I had been thinking that if everything went according to my plan, if I had been in charge of that phone cord, if I didn’t have to rely on an alarm clock to get me up, if things just happened the way I wanted and , let’s face it, knew best, things would be fine.
But isn’t that one of the ultimate illusions. Not that we have control over time—the first Christian communities, as we see today, were becoming painfully aware of that fact. But really, that we have control at all of anything in life. In her book Learning to Let Go Melanie Beattie reassures us that when we trade in a life that we try to control “we receive in return something better—a life that is manageable.”
Manageable, and yet more. In Greek there are at least two words for time: chronos and kairos. Chronos is clocks, deadlines, watches, calendars, agendas, planners. Chronos is where the word chonology comes from which gives the illusion of an ordered progression of time. Chronos is ticking of the clock, counting of shopping days until Christmas, wondering why Christ hasn’t come yet because time has passed on the calendar…at least, by the living and dying of a generation. Chronos makes us angry at our bodies when they don’t heal as fast as we think they should. Chronos makes us anxious about our self worth when our hopes and dreams haven’t been accomplished by the age we thought they would.
And then there is the other word for time: kairos. Kairos is the time when you are lost in the beauty of a piece of music or the reverie of poetry. Kairos is the moment you hold someone in their pain and when you’ve laughed so hard for so long your side hurts. Kairos comes in moments of meditation of watching sleeping children, of falling in love. Kairos means “opportune moment” and is used when referring to a different type of time, a time that doesn’t pass, but a time that is filled. …a time that doesn’t pass, but a time that is filled. A time that doesn’t pass, but a time that is filled with Spirit
Kairos… gives the soul a space to deepen when the body slowly heals. [pause]
When our minds were set on certain lists of accomplishments that we thought we could control,
Kairos presents us space to explore new possibilities . [pause]

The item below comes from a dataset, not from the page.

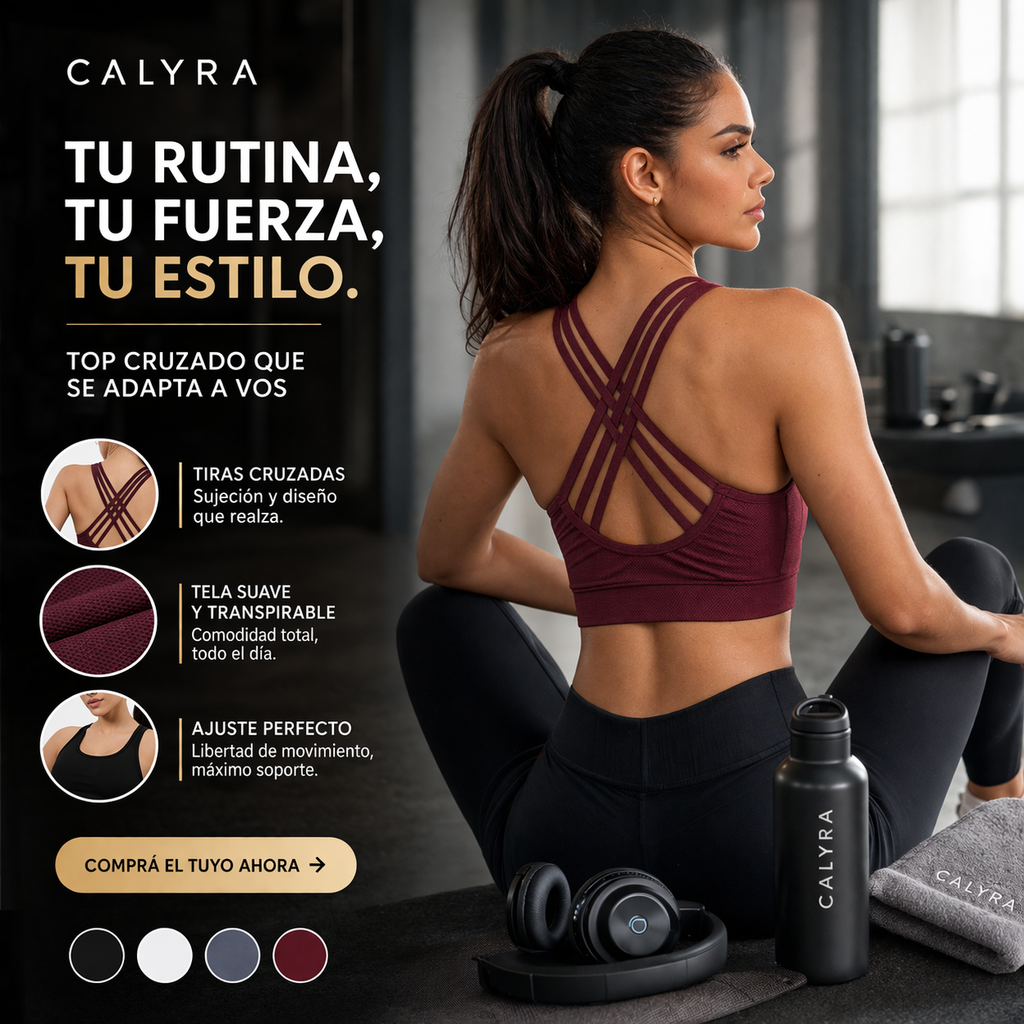 🔥 TOP CRUZADO CALYRA – SOPORTE, ESTILO Y CONFIANZA EN CADA MOVIMIENTO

Kairos replaces counting down till Christmas with the patient waiting of Advent. [pause]
And we can’t control it.
No alarm clock will alert us to it, even when we end up finding the cord for the cell phone in our purses…like I did.
And in the midst of today’s scripture of end time hopes that we can’t quite seem to connect with, the author of Peter is calling us out of chronos and into Kairos. Out of the world’s time and into God’s time. Where living is not about what is to come on the clock and what we can control, but what is at work in our hearts and what we leave to the movement of Spirit.
--
And that’s probably what a lot of the songs about time have to say, too. While we want to control time, the painful reality is that we can’t. And if the author of 2 Peter was a country singer, he’d probably couldn’t say it better than Emmylou Harris who sings: “When we’re gone, long gone…the only thing that will have mattered, is the love that we shared, and the way that we cared. When we’re gone. Long gone.”